Mission statements are descriptions of how we work towards achieving the Vision.
Our Mission is to:
- Keep “only-love mind” individually so that it manifests corporately
- Engage our community, one person at a time, with helping hands and open hearts
- Transcend real or imagined barriers of age, religion, race, gender, and economic status, to help create true community
- Resist the urge to interact only with others similar to ourselves
- Empower others to align with our Vision
In today’s contentious, angry world it seems everyone is an activist. Boycotts, protests, pickets, demonstrations, and us-against-them campaigns are rampant. Hardly a day goes by in which someone doesn’t call for a boycott.
One of the biggest problems with such thinking is that it’s based on the Rules of Engagement common to war; that is, if enough people on one side can bully and badger and shame enough people on the other side, the larger, more belligerent side will “win.”
But does anyone truly win these cultural wars?

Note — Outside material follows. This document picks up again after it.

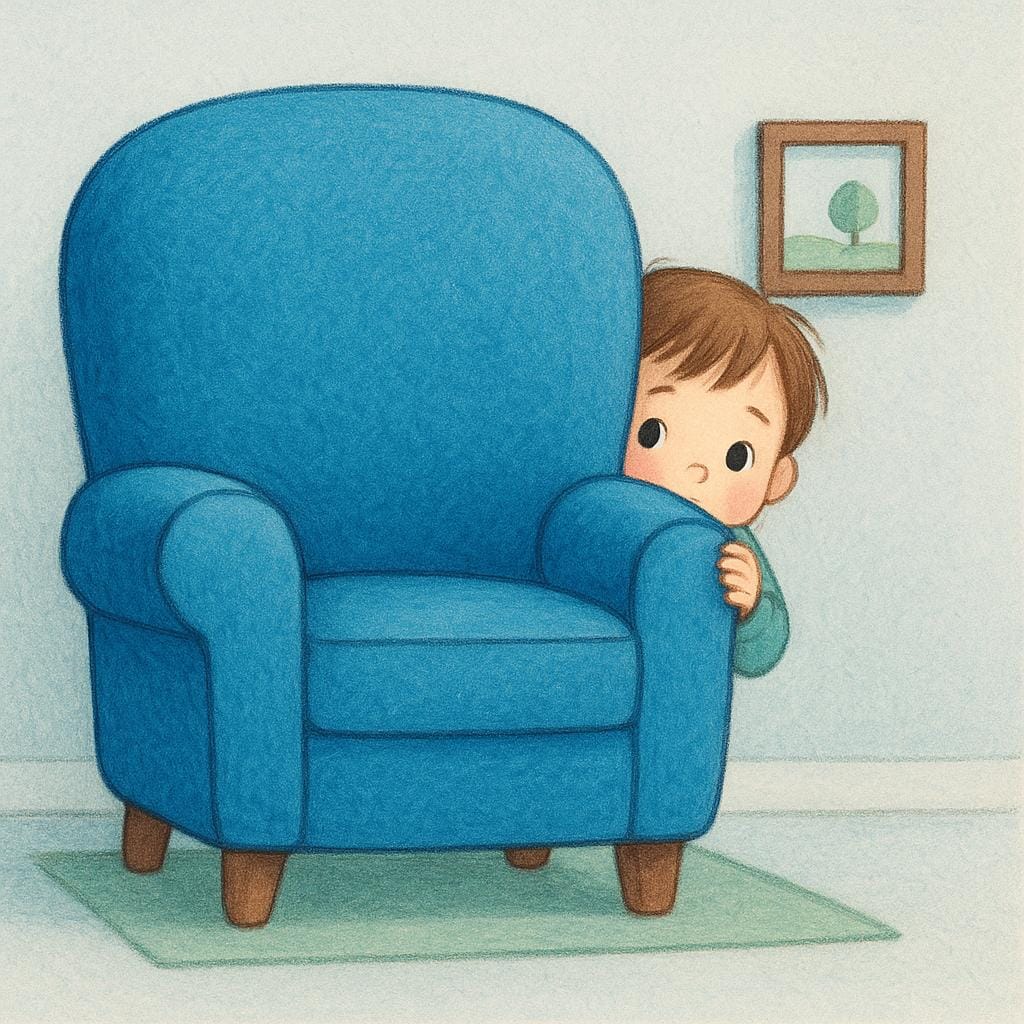 A small, quiet child sitting slightly concealed behind a large, bright blue armchair, peeking out shyly, illustrating emotional restraint.
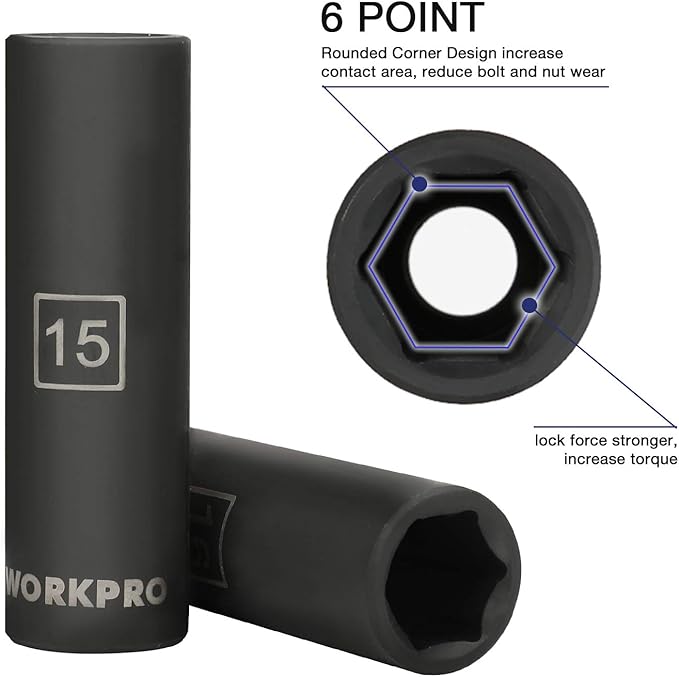 WORKPRO 1/2" Drive Impact Socket Set with Extension Bars, Premium Cr-V Steel, Complete 55-Piece, SAE and Metric Sockets with Enhanced Storage Case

If the goal is to change someone’s heart, we don’t believe war is the answer.
That’s why we’re non-activists.
Don’t mistake what we’re saying. We’re not passivists, per se. We don’t advocate doing nothing in the face of perceived wrongs. But our approach is radically different: love.
By that, we mean instead of amassing a bunch of angry people to protest, why not walk across the street and ask, “How may I help you?” Or, how about, “May I take you to dinner to talk?” Or, “I see you need your lawn mowed. May my friends do that for you?” Or, “My family is making a huge dinner Friday night. Would you and your family like to join us?”
That “family” may be gay. Or straight. Or black. Or white. Or Hispanic.
The goal is to get to know whatever you perceive as the “opposition,” the “other” in the equation, the “them” in the us-against-them scenario. It is our opinion (and we may be wrong, it’s just our opinion) that ignorance and fear are the foundations of most protests, especially regarding race and gender. We fear others not like us. So we seek to change their behavior and/or attitudes.
Instead, we believe that whomever you perceive to be on the other side of the issue is the person (or persons) you ought to take a step toward – not back away from and threaten with a demonstration or boycott.
In short, what we propose is radical. And difficult. And risky. It’s far from doing nothing. On the contrary, it’s risking all…right down to our lives.
But what’s the alternative? If everyone is an angry activist, won’t that make society angry? And violent? And dangerous? We believe it will.
So why not try love?
Put down the picket signs. Cease protesting. Stop boycotting. Put a halt to demonstrations. Instead, walk across the perceived barrier and ask, “How may I help you?”
That’s what The Only Love Project is all about.